Un accident "avec une princesse anglaise"
Paris -- Mon scooter n'allait pas très vite, mais ce 31 août 1997, à minuit et demi, j'étais arrivé en un quart d’heure au tunnel du Pont de l'Alma dans lequel un accident "venait de se produire avec une princesse anglaise". C'était ce qu'avait dit à la redchef un journaliste du service des sports, dont les parents habitaient juste à côté.
La première alerte, survenue quelques minutes avant, émanait d’une journaliste du desk France rentrant chez elle, qui avait vu un accident à cet endroit.
L'important dispositif policier qui se mettait en place montrait que je ne m'étais pas déplacé pour rien.
Le quai était fermé. Les brasseries de la Place de l'Alma rentraient leurs terrasses.
En marchant le long du quai je croisais un photographe visiblement choqué. Il m'apprit que la princesse, Lady Di, accompagnée de Dodi al-Fayed, se trouvait dans la voiture qu'on ne pouvait apercevoir, car située après le virage à gauche dans ce tunnel qui longeait la Seine.
Les lumières des rues venaient de s'éteindre, à l'exception de celles du tunnel qui éclairaient la dernière ambulance, garée de l'autre côté des poteaux, en direction de la Concorde.
Il me fallait vite prévenir la rédaction et ensuite me mettre à fouiner, chercher un témoin, une information, sentir l'ambiance.
Vêtu d'un long imperméable, un homme aux cheveux longs semblait avoir les mêmes préoccupations. Goksin Sipahioglu, le légendaire patron de l’agence photo SIPA avait fait le déplacement en personne pour récupérer les bobines de films de ses photographes.
M'entendant discuter au téléphone avec l'Agence des conditions de l'accident de la voiture, qu'une dizaine de photographes suivaient en moto, l'un d'entre eux m'avait lancé: "Commence pas ! " Peu après les photographes en question étaient embarqués dans un fourgon de police. Neuf d’entre eux seraient ensuite mis en examen, avec un motard de presse, sur le soupçon que leur comportement aurait poussé le chauffeur de la princesse et de son compagnon à rouler trop vite.
Je restais à l'écart, entre deux voitures. Plus tard, un policier a relevé mon identité alors que la foule commençait à se rassembler. Dix jours après, convoqué à la Brigade criminelle, quai des Orfèvres, j'expliquais être arrivé "après". L'enquête ouverte sur l'éventuelle responsabilité des photographes s'est soldée par un non-lieu.

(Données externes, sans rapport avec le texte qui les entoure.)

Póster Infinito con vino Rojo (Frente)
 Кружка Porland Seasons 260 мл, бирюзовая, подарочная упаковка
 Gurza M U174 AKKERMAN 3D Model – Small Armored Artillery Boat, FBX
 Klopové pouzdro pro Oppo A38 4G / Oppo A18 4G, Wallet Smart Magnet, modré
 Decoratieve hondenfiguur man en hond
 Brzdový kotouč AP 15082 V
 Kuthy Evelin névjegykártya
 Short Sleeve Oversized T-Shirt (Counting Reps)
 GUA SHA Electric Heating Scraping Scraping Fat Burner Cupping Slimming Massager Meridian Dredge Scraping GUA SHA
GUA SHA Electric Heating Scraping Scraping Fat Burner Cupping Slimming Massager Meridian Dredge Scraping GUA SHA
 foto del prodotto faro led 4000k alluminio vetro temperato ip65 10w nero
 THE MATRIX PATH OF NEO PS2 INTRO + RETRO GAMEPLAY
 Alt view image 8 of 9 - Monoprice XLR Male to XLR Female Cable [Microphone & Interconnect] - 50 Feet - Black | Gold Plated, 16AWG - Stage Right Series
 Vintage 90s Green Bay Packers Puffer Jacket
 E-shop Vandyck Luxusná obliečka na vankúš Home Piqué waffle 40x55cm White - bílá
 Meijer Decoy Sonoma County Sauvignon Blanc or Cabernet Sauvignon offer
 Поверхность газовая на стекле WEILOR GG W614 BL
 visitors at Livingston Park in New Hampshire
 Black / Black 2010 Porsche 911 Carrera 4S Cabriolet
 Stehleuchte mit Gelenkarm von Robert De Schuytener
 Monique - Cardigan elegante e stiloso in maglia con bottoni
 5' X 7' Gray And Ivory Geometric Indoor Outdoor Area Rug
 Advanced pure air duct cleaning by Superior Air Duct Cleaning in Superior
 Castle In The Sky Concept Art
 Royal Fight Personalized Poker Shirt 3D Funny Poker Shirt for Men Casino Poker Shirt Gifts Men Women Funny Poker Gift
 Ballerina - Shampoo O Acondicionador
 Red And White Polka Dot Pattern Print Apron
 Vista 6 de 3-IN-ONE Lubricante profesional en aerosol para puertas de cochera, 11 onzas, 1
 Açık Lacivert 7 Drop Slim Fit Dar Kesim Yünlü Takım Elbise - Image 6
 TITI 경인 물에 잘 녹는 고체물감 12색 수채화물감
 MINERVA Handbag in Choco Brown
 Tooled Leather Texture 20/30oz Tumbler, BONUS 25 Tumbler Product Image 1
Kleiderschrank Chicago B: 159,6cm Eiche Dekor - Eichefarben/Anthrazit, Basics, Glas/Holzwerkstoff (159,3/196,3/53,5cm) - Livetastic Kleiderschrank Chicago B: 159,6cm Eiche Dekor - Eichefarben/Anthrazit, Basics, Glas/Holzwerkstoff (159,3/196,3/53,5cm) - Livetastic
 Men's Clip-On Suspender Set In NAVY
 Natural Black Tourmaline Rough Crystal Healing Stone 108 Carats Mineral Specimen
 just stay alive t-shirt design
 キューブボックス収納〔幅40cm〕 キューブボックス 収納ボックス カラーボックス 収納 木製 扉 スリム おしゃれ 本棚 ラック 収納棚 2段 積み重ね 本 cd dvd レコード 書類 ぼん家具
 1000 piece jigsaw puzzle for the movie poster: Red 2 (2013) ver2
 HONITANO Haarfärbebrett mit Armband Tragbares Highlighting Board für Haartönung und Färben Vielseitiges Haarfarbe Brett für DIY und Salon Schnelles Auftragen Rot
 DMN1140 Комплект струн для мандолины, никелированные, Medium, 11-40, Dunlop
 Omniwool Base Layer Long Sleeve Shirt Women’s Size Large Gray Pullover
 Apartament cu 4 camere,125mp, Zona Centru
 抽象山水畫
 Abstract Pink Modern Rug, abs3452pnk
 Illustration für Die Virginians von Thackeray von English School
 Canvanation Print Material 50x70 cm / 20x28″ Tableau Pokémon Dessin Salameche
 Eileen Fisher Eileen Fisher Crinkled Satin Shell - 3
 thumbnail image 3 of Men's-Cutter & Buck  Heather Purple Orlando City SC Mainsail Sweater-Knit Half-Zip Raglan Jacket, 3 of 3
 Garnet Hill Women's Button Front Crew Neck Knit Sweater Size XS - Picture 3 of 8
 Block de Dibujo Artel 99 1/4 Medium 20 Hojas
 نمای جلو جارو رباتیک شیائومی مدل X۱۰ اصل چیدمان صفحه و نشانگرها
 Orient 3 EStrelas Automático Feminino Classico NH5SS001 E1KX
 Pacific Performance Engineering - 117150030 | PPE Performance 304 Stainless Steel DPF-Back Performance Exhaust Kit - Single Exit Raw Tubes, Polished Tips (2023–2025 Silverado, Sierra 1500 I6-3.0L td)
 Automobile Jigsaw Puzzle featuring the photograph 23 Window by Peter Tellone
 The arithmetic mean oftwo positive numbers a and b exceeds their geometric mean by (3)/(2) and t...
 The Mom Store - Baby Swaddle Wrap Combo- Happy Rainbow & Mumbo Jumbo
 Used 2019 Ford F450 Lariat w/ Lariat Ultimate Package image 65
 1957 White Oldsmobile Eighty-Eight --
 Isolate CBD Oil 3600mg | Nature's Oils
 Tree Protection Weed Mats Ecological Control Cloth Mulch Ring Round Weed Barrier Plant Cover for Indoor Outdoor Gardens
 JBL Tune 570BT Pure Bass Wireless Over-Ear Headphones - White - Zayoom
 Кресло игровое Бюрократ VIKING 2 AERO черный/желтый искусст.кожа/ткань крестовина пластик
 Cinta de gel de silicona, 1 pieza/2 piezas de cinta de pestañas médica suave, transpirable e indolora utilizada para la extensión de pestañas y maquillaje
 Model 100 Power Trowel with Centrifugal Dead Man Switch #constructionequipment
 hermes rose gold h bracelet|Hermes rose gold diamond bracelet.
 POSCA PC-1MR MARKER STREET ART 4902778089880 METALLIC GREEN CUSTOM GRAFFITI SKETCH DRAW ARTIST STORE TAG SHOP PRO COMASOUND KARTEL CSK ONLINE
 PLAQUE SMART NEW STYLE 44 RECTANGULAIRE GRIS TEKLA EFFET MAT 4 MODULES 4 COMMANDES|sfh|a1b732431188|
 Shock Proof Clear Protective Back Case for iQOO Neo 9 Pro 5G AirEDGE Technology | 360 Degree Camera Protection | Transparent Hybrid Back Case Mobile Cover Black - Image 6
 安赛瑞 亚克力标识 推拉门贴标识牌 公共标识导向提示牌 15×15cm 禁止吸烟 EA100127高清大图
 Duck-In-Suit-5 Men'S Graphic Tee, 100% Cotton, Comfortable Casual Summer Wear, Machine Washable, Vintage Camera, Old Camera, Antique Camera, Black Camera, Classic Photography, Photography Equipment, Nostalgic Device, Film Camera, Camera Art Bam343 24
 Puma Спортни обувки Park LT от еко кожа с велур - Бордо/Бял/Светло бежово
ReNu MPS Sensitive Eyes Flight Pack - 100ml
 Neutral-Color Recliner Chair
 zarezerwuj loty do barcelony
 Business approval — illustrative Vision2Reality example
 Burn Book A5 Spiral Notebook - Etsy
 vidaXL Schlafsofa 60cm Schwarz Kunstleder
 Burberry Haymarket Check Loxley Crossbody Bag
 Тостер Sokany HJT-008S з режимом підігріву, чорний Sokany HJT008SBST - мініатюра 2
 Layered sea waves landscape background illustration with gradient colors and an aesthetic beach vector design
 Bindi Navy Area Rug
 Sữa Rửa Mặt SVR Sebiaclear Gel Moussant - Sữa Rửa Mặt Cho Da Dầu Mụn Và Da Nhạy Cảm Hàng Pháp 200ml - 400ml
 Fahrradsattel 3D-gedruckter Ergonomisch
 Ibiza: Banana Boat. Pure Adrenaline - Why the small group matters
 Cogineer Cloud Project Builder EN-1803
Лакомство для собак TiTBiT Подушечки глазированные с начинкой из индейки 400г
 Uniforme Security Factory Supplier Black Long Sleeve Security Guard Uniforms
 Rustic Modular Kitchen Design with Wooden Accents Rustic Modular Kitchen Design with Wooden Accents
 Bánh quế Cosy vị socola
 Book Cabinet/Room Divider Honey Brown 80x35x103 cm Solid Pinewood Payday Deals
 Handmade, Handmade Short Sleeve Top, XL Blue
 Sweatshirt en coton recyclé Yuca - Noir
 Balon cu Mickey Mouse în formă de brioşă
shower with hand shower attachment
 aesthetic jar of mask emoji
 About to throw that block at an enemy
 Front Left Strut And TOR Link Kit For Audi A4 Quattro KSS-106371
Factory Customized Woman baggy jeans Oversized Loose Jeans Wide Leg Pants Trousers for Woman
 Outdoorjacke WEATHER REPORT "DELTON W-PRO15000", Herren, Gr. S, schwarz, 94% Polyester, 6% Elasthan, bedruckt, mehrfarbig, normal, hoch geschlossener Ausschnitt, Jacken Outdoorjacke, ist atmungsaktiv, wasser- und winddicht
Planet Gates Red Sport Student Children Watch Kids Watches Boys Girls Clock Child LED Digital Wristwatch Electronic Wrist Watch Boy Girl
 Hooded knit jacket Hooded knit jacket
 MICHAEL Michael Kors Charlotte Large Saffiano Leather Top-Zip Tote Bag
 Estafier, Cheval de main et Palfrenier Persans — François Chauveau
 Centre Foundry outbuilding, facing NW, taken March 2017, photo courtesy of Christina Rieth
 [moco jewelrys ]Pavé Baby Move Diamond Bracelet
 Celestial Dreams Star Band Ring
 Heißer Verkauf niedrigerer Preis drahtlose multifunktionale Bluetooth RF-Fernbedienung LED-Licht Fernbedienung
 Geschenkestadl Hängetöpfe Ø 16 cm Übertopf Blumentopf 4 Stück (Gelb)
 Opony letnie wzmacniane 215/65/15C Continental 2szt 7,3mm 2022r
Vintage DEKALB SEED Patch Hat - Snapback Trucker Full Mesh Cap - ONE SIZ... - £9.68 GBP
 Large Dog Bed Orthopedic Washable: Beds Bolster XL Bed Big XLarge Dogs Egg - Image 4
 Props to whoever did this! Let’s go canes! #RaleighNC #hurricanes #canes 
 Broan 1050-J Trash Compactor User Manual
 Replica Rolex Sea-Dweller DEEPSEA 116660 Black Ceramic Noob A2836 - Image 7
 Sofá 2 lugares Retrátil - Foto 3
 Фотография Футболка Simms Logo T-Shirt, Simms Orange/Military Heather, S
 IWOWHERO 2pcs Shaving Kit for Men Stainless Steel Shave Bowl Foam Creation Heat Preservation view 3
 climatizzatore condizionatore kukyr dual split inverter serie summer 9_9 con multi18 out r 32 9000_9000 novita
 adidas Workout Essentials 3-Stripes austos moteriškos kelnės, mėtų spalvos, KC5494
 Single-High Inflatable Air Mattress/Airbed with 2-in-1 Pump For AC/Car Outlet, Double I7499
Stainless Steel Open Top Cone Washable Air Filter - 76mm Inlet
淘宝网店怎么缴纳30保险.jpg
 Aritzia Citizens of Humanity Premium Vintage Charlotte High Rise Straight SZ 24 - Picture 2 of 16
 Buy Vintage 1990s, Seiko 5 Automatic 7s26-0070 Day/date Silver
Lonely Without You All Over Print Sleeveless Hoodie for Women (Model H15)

Les badauds s'étaient massés peu à peu, il fallait jouer des coudes, ne pas entendre les commentaires injurieux sur la presse et tenter de trouver un témoin mais il n'y en avait pas, tunnel oblige.
En marchant sur les pelouses et en me faufilant dans les ruelles je suis parvenu de l'autre côté, avec une vue sur le lieu du drame. La Mercedes noire, assez ordinaire, était encastrée de face dans un poteau, le neuvième. Il y avait quelques débris autour, mais rien de monstrueux. Tout était calme. Peu à peu des dizaines de journalistes et de cameramen se sont pressés devant le Palais de Tokyo tout proche, et à partir duquel, avec l’aide de téléobjectifs, ils pouvaient observer la scène. Mais l’essentiel se déroulait dans l'ambulance. Les premiers soins ont paru durer des heures.
Les journalistes britanniques venaient me voir :"Toi qui es de l'AFP tu dois savoir ! On a des rumeurs selon lesquelles elle serait morte, tu confirmes ?? ?". Je n'avais aucun élément pour leur répondre, mais je me disais : "ce n'est pas possible, pas si bêtement". Le jour s'est levé alors que l'ambulance venait de partir, tout doucement. Les quais étaient déserts, interdits à toute circulation jusqu'à l'hôpital de la Pitié- Salpêtrière, dans l'est de Paris, près de la Seine.
Après son arrivée, on a appris que Lady Diana était morte pendant le voyage, après plusieurs arrêts du cœur.
Un autre journaliste de l’agence attendait à l'hôpital, où déjà une petite foule se massait. Sur les lieux de l'accident, une bâche a vite recouvert la voiture, hissée sur un camion de la fourrière mais la circulation n'a pas repris. Le moindre débris était photographié, toutes les traces étaient analysées. Quelques jours plus tard une reconstitution a été organisée alors que la réplique de la flamme de la statue de la liberté, offerte par les Etats unis, devenait pour des mois un monument à la mémoire de Diana, entouré de bougies, de messages, de rubans ou de fleurs.